▸ DATASET CONTENT
────────

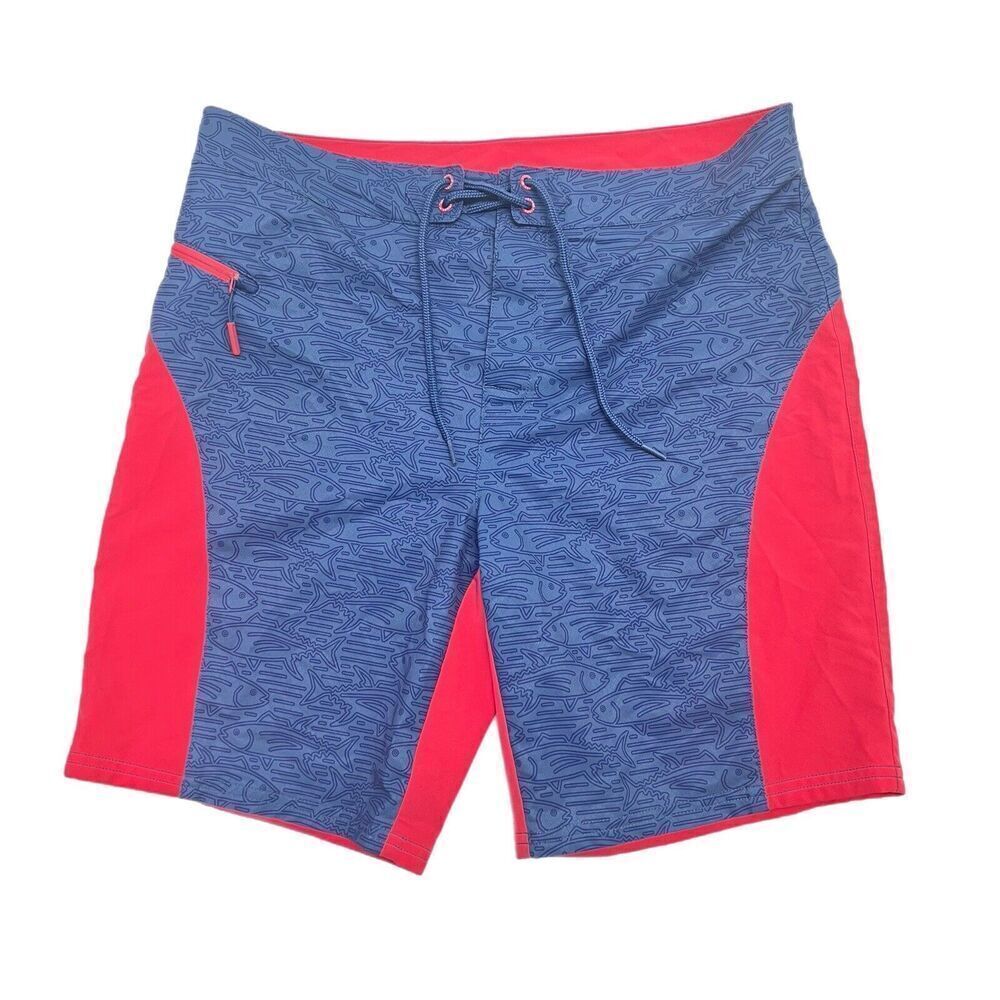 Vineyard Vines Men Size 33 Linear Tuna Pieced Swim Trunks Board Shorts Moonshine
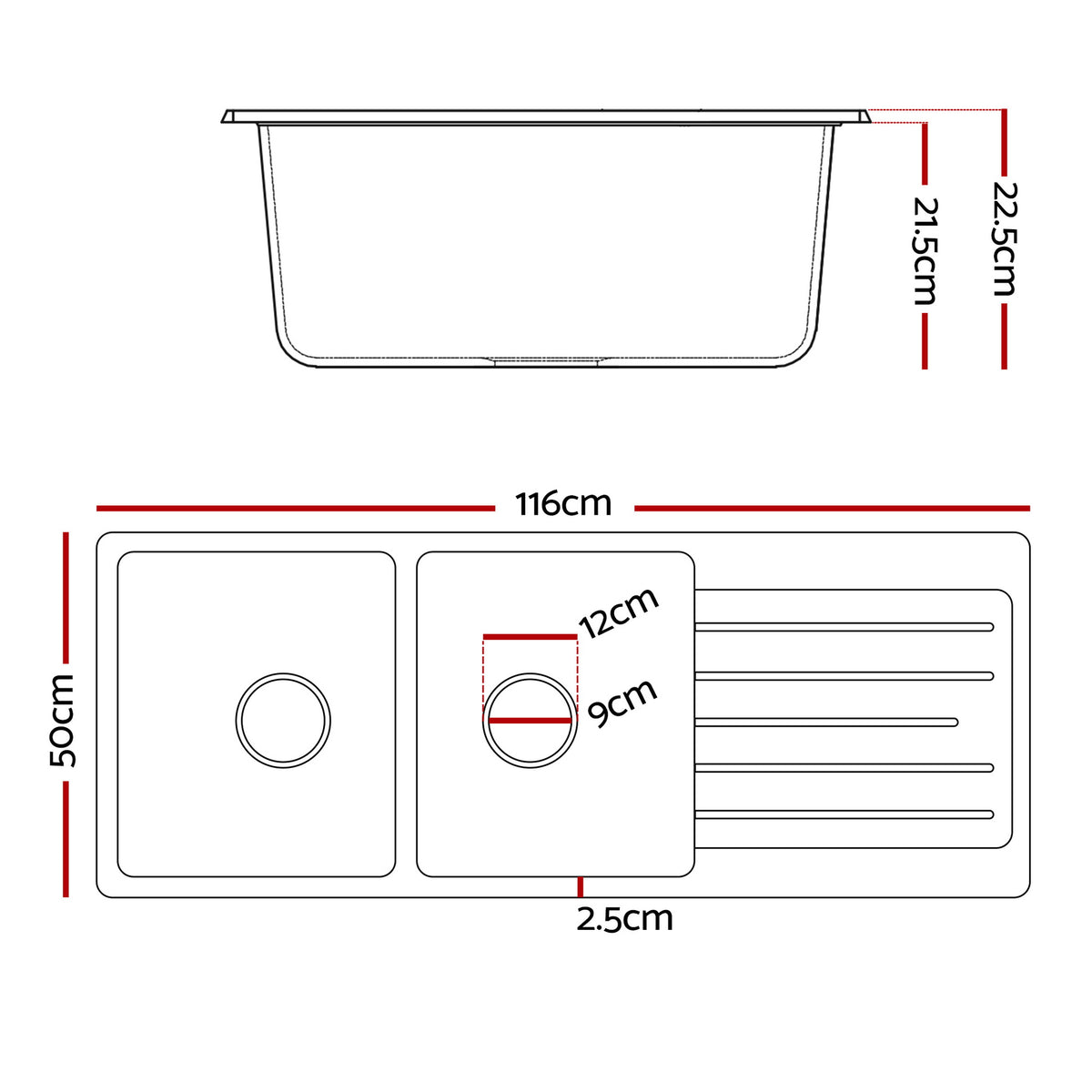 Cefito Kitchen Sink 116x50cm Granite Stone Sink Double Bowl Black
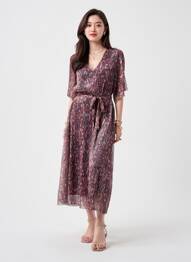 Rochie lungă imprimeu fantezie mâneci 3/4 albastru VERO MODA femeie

────────

▸ AIM OF THE EXERCISE
Set out the material once more, exact in every line, with no images.

▸ REPLY
 Vineyard Vines Men Size 33 Linear Tuna Pieced Swim Trunks Board Shorts Moonshine
 Cefito Kitchen Sink 116x50cm Granite Stone Sink Double Bowl Black
 Rochie lungă imprimeu fantezie mâneci 3/4 albastru VERO MODA femeie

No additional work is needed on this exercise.